Arlington weighing size of GM tax break
By Sean Wood
Star-Telegram Staff Writer

ARLINGTON - The Arlington City Council met in executive session Tuesday to talk about how much of an incentive it should offer General Motors.

The company is considering investing more than $160 million in the Arlington assembly plant for production of the next generation of sport utility vehicles.

GM wants a 10-year break on real estate and business personal property taxes, but the amount of the break is still up for debate. According to city guidelines, the size of the abatement is negotiable.

Council members would not discuss the project except to say it was a topic of discussion in executive session. The Council's Fiscal Stewardship committee also talked about it in executive session.

GM spokesman Dan Flores in Detroit said the company has to cut costs wherever it can, and city tax breaks are one place it looks.
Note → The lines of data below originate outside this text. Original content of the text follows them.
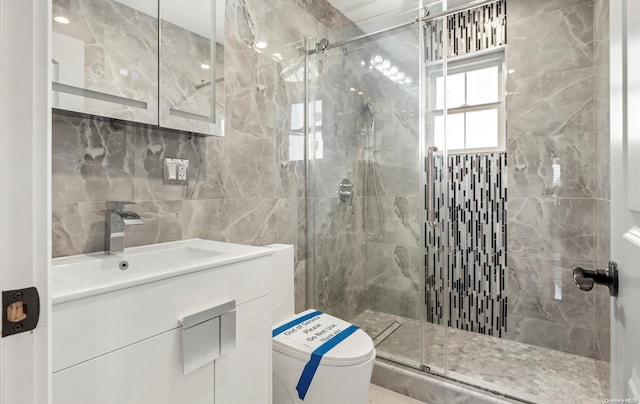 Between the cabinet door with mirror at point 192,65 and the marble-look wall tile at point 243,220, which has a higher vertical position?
the cabinet door with mirror at point 192,65

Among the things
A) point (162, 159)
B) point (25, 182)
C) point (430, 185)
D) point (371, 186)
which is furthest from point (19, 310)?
point (371, 186)

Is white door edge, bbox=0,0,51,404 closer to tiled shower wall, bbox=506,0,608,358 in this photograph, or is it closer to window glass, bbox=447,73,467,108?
tiled shower wall, bbox=506,0,608,358

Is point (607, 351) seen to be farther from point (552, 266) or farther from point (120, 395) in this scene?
point (120, 395)

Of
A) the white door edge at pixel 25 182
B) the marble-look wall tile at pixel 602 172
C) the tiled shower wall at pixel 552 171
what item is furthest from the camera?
the tiled shower wall at pixel 552 171

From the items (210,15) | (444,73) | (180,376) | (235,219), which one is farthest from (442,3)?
(180,376)

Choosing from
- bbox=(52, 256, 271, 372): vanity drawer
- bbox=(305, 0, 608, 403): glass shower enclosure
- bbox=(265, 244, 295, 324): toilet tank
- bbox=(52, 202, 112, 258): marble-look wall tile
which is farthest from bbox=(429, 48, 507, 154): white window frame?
bbox=(52, 202, 112, 258): marble-look wall tile

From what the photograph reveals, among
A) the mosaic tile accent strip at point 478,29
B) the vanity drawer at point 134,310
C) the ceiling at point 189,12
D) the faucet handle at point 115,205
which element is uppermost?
the mosaic tile accent strip at point 478,29

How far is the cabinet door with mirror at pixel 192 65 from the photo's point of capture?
1.26 m

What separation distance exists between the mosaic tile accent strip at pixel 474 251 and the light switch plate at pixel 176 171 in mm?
1743

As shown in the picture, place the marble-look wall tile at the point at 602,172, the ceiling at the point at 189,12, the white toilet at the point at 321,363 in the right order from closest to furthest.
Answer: the ceiling at the point at 189,12
the white toilet at the point at 321,363
the marble-look wall tile at the point at 602,172

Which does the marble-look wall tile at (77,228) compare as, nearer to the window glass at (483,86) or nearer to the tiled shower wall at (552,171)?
the tiled shower wall at (552,171)

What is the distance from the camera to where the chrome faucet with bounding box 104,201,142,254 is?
109 cm

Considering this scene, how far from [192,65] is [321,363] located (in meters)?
1.37

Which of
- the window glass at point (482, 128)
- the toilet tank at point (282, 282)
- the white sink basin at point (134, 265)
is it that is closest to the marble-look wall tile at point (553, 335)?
the window glass at point (482, 128)
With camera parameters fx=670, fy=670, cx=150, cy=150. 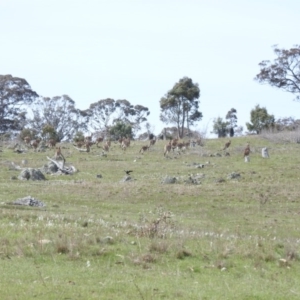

"There are costs that GM faces that our competitors don't face," Flores said. "We have two and a half retirees for every active employee. Because of those legacy obligations, we have to be very aggressive in looking for other areas where we can cut costs."

The council is expected to vote on the tax breaks at a May 11 meeting.

Flores said the company is considering expansion of the Arlington plant, which makes the Chevrolet Suburban and Tahoe, GMC Yukon, Yukon XL and Cadillac Escalade. GM spent more than $750 million on the plant in the 1990s when it was switched from car to truck production.

If the Arlington plant gets the green light from GM, work could start in June. Plans call for a 27,000-square-foot expansion of the body shop, which was built in 2000.

The addition would be scheduled for completion by December. Work would then start on retooling the body shop. A prototype would be built by August 2005, and the conversion would be complete by July 2006.


Meanwhile, GM still needs to hammer out a local labor agreement with about 2,500 members of United Auto Workers Local 276. They continue to work under an agreement that took effect in October 1999 and expired in September.